- [ACTION ITEM]
I'd like the entire listing output verbatim, apart from the pictures.

- [GIVEN MATERIAL]
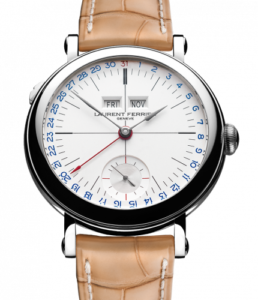 Laurent Ferrier Annual Calendar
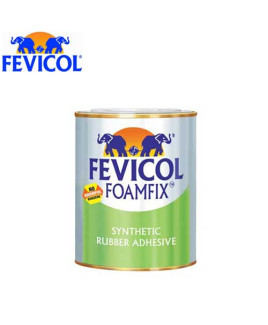 Fevicol Foam Fix Synthetic Rubber Adhesive-0.5 Ltr.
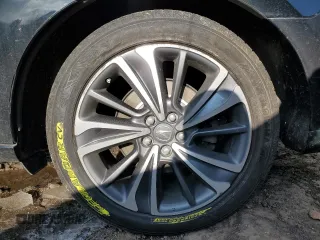 2019 Acura MDX Sport Hybrid w/Technology Pkg with VIN 5J8YD7H51KL001211, listed as a Copart auction lot 83173544 with 83,942 mi miles and Salvage Title. Bid and sale history available at carsss.com. Image 15.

- [TASK ANSWER]
 Laurent Ferrier Annual Calendar
 Fevicol Foam Fix Synthetic Rubber Adhesive-0.5 Ltr.
 2019 Acura MDX Sport Hybrid w/Technology Pkg with VIN 5J8YD7H51KL001211, listed as a Copart auction lot 83173544 with 83,942 mi miles and Salvage Title. Bid and sale history available at carsss.com. Image 15.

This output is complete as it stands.